RICHMOND, Va. — Health officials are encouraging Virginians to follow safety tips and get vaccinated in the midst of the holiday gathering season.
“I know that people have heard them many times before, but they really do work,” said Dr. Brooke Rossheim, a public health physician specialist with the Virginia Department of Health. “They may prevent people from getting sick.”
Rossheim said the “tripledemic” moniker of the last few months does not really hold up anymore as emergency room and urgent care visits for cases of respiratory syncytial virus — or RSV — have dropped.
“At the beginning of the flu season, RSV had a big spike in cases. And then since that time, RSV has really come back down to its usual baseline,” said Rossheim.
He added there is no definitive answer for why such a big spike, but one hypothesis is the virus is making up for the last few seasons when more people were isolating and quarantining. “So, basically, this sharp spike is like catching up for the last couple of years, where children were not out and about, where they would get RSV from other kids.”
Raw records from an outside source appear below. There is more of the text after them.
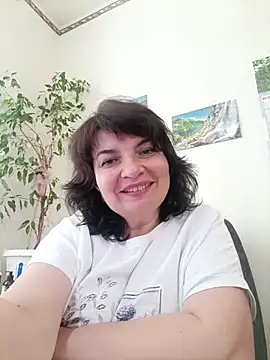 LedyNika online show from July 1, 2026, 7:54 am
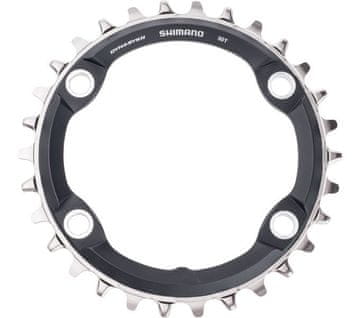 30z Shimano SLX FC-M7000 1x11 prestavna ročica s 4 luknjami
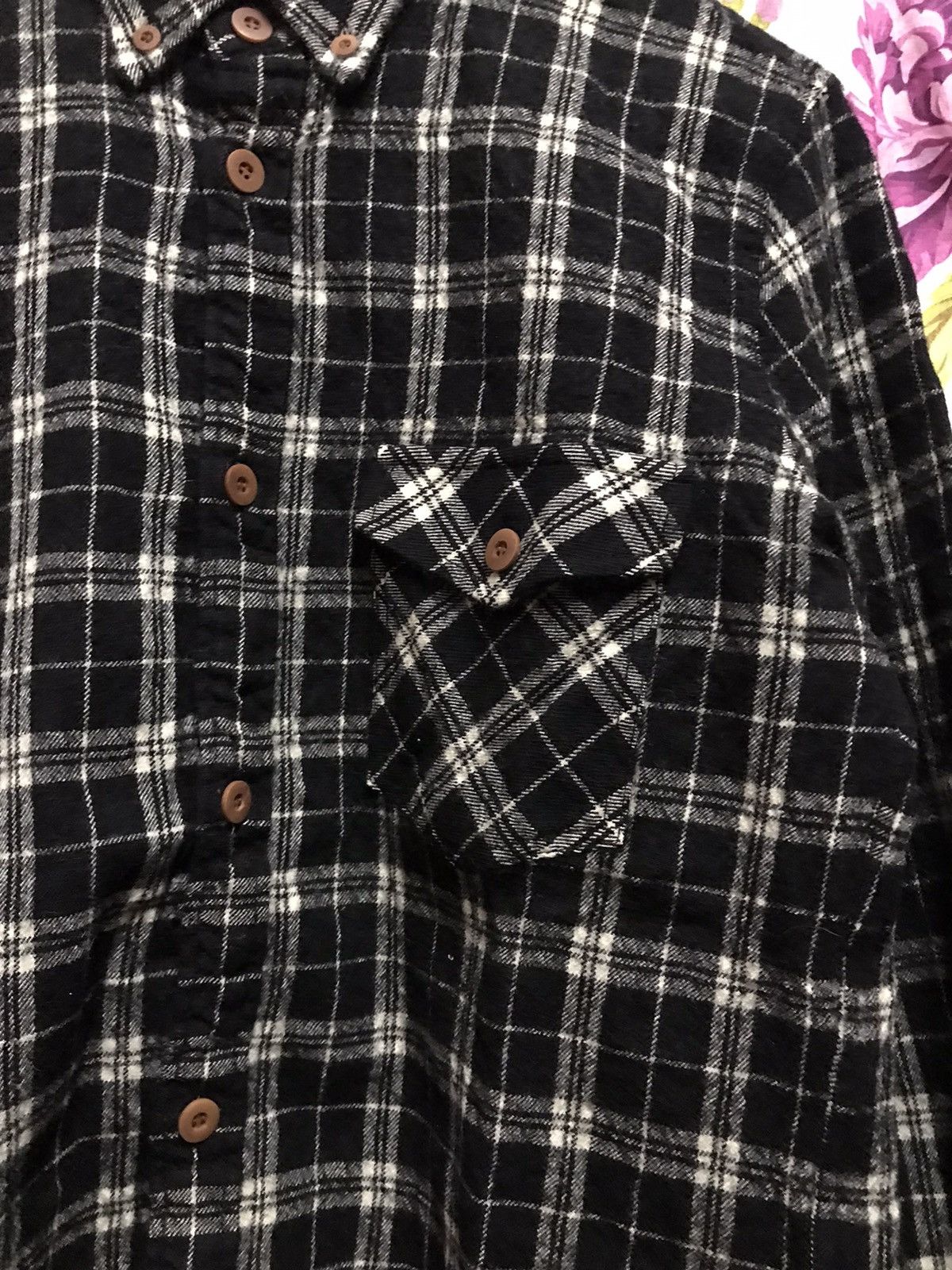 Comme des Garcons Homme LIMITED COMME DES GARCONS HOMME Size US L / EU 52-54 / 3 - 4 Thumbnail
As for the flu, Rossheim said it started about a month early this season and is trending down, but is still very active in Virginia.
“We seem to be on the downhill side. But there's no...guarantee that it will keep going down,” said Rossheim, noting previous years saw multiple surges.
He added COVID, in the meantime, is trending in the other direction similar to the rest of the country, with a slight increase in daily cases now around 2,000 for the seven-day average.
Rossheim said that is not unexpected and could likely continue to rise for a few weeks as people gather for the holidays.
“You're creating a situation where you're making it a little bit easier for viruses to be transmitted from person to person,” he said, which is why the department is asking people to follow tips like frequent hand washing, coughing/sneezing into your arm and getting vaccinated.
“A vaccine provides…the best defense that we have. Because that way your own body develops immunity to the pathogen — whether we're talking about the COVID virus, whether we're talking about influenza.”